Quando i media tradizionali tacciono, perché censurati dai governi solo formalmente democratici, la Rete diviene un mezzo potente per esprimere le proprie opinioni, fare informazione e organizzare le proteste. Lo stesso ex ministro degli Esteri Giulio Terzi aveva sottolineato il nuovo ruolo del web, e in particolare dei social network, come strumento per favorire il dibattito democratico. L’esempio lampante si è visto durante la cosiddetta “Primavera Araba”, quando Egitto, Tunisia e altri paesi del Maghreb erano insorti contro i propri governi organizzando le manifestazioni di protesta tramite la Rete.

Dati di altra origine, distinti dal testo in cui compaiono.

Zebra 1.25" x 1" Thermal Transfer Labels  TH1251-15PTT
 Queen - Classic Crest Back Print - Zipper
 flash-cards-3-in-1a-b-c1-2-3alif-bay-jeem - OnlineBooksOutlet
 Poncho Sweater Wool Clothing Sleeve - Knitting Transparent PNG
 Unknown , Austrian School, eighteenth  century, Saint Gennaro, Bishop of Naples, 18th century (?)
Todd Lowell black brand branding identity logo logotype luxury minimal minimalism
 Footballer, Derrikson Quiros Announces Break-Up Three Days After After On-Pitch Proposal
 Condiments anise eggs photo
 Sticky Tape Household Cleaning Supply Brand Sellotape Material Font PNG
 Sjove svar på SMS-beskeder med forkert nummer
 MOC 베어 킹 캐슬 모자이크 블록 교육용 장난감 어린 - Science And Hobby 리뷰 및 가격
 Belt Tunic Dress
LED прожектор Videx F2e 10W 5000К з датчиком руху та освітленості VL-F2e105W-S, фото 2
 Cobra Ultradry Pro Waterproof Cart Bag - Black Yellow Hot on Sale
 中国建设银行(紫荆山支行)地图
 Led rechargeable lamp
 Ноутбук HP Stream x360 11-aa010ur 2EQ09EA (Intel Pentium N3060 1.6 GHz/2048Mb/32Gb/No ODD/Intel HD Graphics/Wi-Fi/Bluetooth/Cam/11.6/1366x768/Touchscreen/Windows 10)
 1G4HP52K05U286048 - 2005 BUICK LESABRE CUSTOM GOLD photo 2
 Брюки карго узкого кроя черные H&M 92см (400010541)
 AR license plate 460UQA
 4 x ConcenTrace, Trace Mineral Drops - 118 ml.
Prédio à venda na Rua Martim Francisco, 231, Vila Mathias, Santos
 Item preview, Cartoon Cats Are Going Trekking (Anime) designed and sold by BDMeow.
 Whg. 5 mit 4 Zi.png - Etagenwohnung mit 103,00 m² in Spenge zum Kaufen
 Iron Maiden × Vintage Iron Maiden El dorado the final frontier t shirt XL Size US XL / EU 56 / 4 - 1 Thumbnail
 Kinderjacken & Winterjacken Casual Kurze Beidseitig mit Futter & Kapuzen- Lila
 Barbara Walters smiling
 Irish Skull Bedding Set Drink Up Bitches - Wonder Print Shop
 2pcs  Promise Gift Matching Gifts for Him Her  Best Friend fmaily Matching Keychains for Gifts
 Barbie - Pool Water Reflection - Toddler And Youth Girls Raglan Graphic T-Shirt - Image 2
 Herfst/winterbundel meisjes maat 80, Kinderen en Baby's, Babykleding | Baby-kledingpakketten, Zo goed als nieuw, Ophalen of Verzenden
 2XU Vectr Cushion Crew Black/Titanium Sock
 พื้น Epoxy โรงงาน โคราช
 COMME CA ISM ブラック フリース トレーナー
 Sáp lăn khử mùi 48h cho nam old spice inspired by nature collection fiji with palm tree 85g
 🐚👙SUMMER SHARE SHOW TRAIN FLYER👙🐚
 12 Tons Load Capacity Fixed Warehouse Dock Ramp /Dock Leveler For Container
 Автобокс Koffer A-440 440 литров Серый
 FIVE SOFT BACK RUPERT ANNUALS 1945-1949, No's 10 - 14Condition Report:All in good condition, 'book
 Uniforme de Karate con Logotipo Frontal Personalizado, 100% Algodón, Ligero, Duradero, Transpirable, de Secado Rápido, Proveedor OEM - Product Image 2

L’importanza dei social network come stumento democratico diviene ancora più evidente in relazione alle contromisure prese dai governi non democratici per fermare il dibattito in Rete. La Siria ha oscurato il web per non far trapelare notizie sulle stragi avvenute durante le rivolte contro il premier Bashar al-Asad, l’Iran sta portando avanti il progetto di una intranet governata direttamente da Teheran e la Cina sta sperimentando nuovi modi, oltre a quelli già in vigore, per bloccare il dissenso su Internet.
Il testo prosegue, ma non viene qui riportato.